Jessel Lambino appeared as a guest performer with Aicelle Santos and Clash master Julie Anne San Jose in Studio 7.

Top 12
Thea Astley won the Duet with Me segment with Clash master Julie Anne San Jose.
Sassa Dagdag finished in fourth place as a member of Team Bamboo on the second season of The Voice Kids.
Al Fritz, who won the Duet with Me segment with Aicelle Santos, previously competed in Wish 107.5's online competition Wishcovery.
Lorraine Galvez appeared in The Voice Teens as a member of Sharon Cuneta's team where she was eliminated on the first Live show. She was the daily winner on the third quarter of the third season on It's Showtime's Tawag ng Tanghalan.
Janina Gonzales was a member of the group So Wat? on Protégé: The Battle for the Big Break under mentorship by Rey Valera and are eliminated in the Top 7, tied at sixth place.
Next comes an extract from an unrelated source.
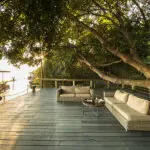 Relájese en la terraza con vistas al río Chobe. 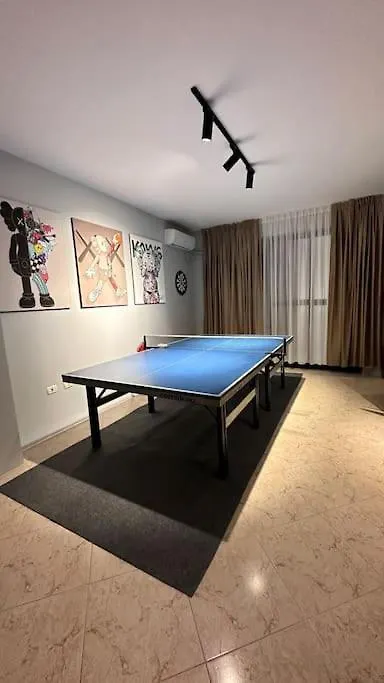 Super House Blloku - 3 Rooms Tirana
She recently competed on Tawag ng Tanghalan.
Aljon Gutierrez recently competed on Tawag ng Tanghalan.
Jeniffer Maravilla, who lost the Duet with Me challenge with Hannah Precillas, was the runner-up of Kanta Pilipinas and also appeared on Tawag ng Tanghalan.
Nef Medina won the Duet with Me segment with The Dawn lead vocalist Jett Pangan and also appeared on Tawag ng Tanghalan.
Tombi Romulo was the protégé of Super Tekla who was the judge at a local singing contest where she won.
Clark Serafin, who won the Duet with Me segment with Kris Lawrence, appeared as a contestant in Wowowin.
Jeremiah Tiangco was the two-time defending champion on the second season of Tawag ng Tanghalan. He also auditioned in the previous season.
Antonette Tismo, who won the Duet with Me segment with Maricris Garcia, was the runner-up for Team Sharon on the third season of The Voice Kids.

Production

Crew 
Beginning with this season, it hired Marc Lopez as the new musical director, replacing Raul Mitra, who followed his sister-in-law and the show's original host Regine Velasquez to ABS-CBN.